ACTION ITEM: Drop all images and give the records again exactly.

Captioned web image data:
- - -

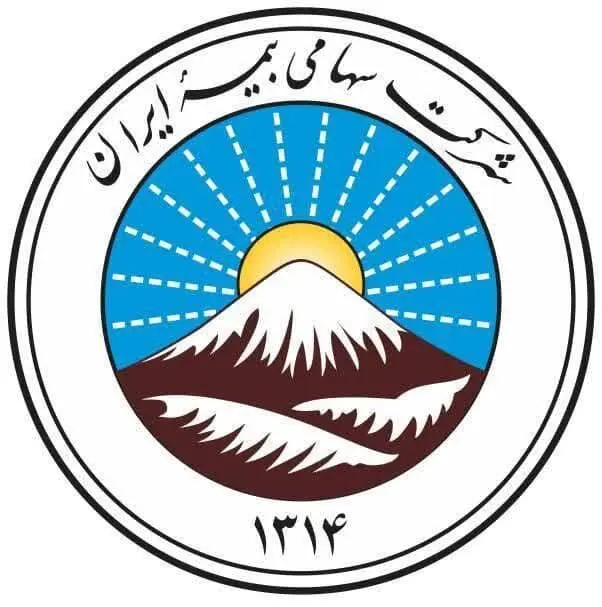 پایبندی بیمه ایران به ایفای کامل تعهدات برای بیمه‌گذاران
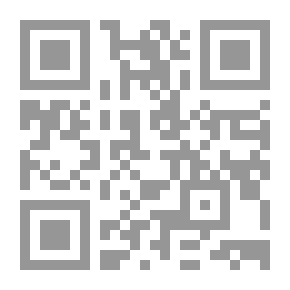 Qr Code مواعيد الذهاب إلى اخر الزمان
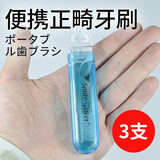 思美客折叠牙刷 U型正畸便携式旅行牙刷 矫正牙齿戴牙套专用 中软毛 3支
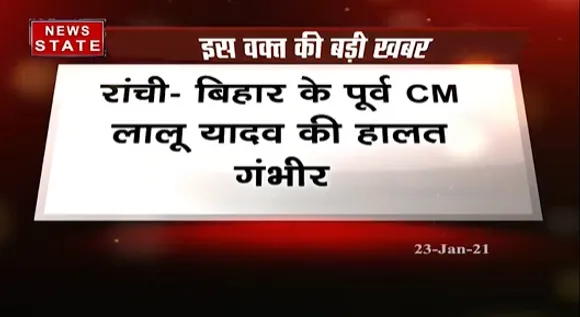 Breaking News : बिहार के पूर्व सीएम लालू यादव की हालत गंभीर | Latest News | News State MP CG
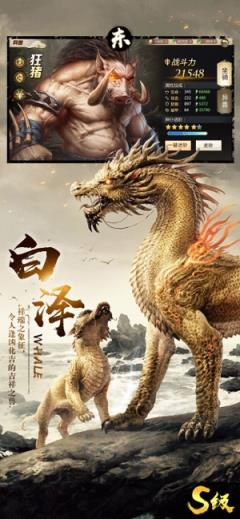 山海经异兽崛起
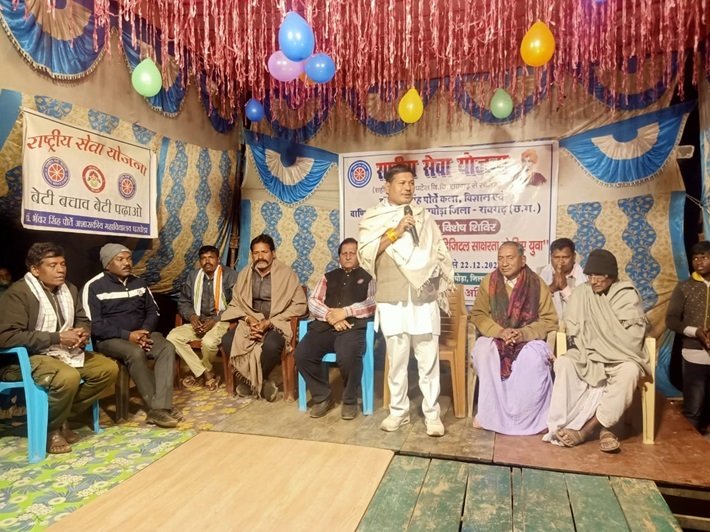 gharghoda News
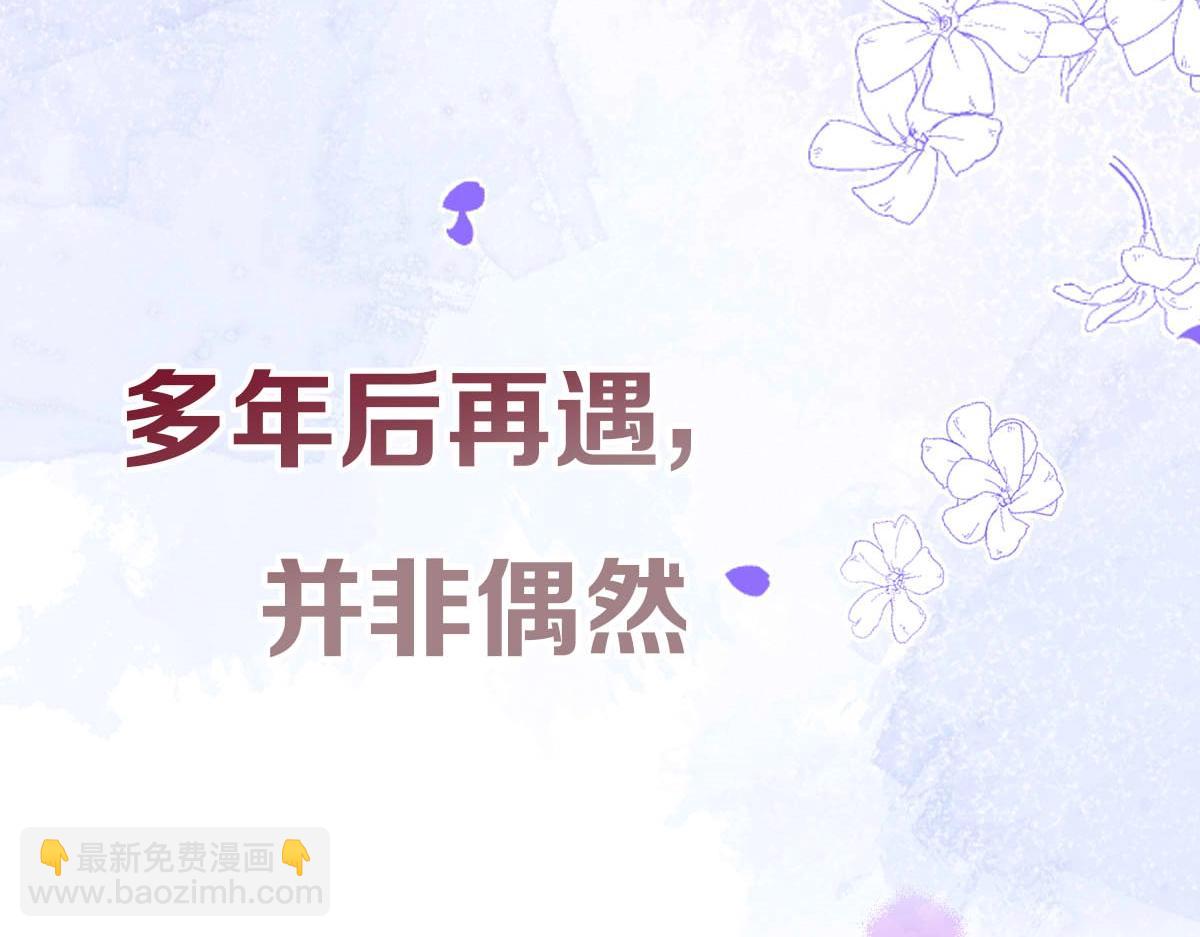 影帝家的小狼狗 - 序章 這一次，哥哥別想再拋棄我(1/2) - 7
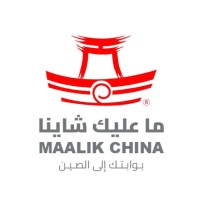 MAALIK CHINA ما عليك الصين logo - Similar company to Astek China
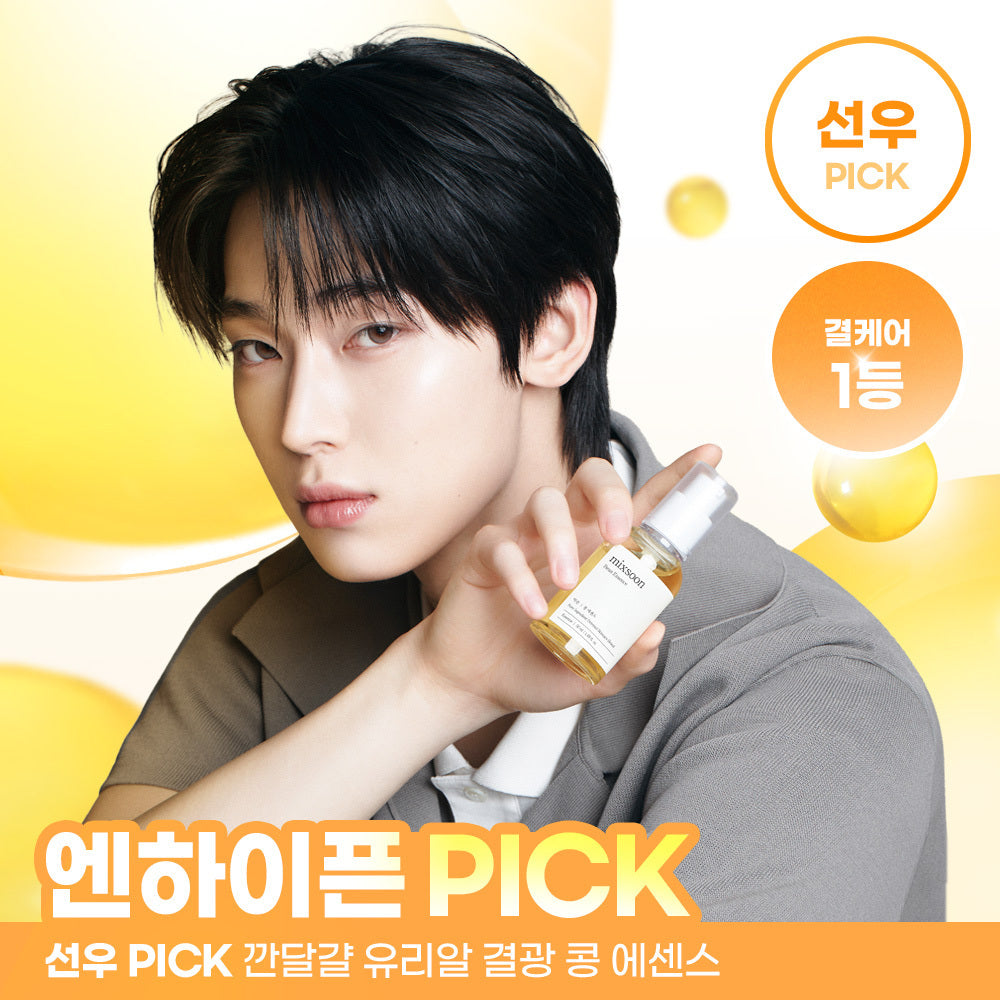 [MIXSOON] 믹순 콩 에센스 50ml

- - -

TASK ANSWER:
 پایبندی بیمه ایران به ایفای کامل تعهدات برای بیمه‌گذاران
 Qr Code مواعيد الذهاب إلى اخر الزمان
 思美客折叠牙刷 U型正畸便携式旅行牙刷 矫正牙齿戴牙套专用 中软毛 3支
 Breaking News : बिहार के पूर्व सीएम लालू यादव की हालत गंभीर | Latest News | News State MP CG
 山海经异兽崛起
 gharghoda News
 影帝家的小狼狗 - 序章 這一次，哥哥別想再拋棄我(1/2) - 7
 MAALIK CHINA ما عليك الصين logo - Similar company to Astek China
 [MIXSOON] 믹순 콩 에센스 50ml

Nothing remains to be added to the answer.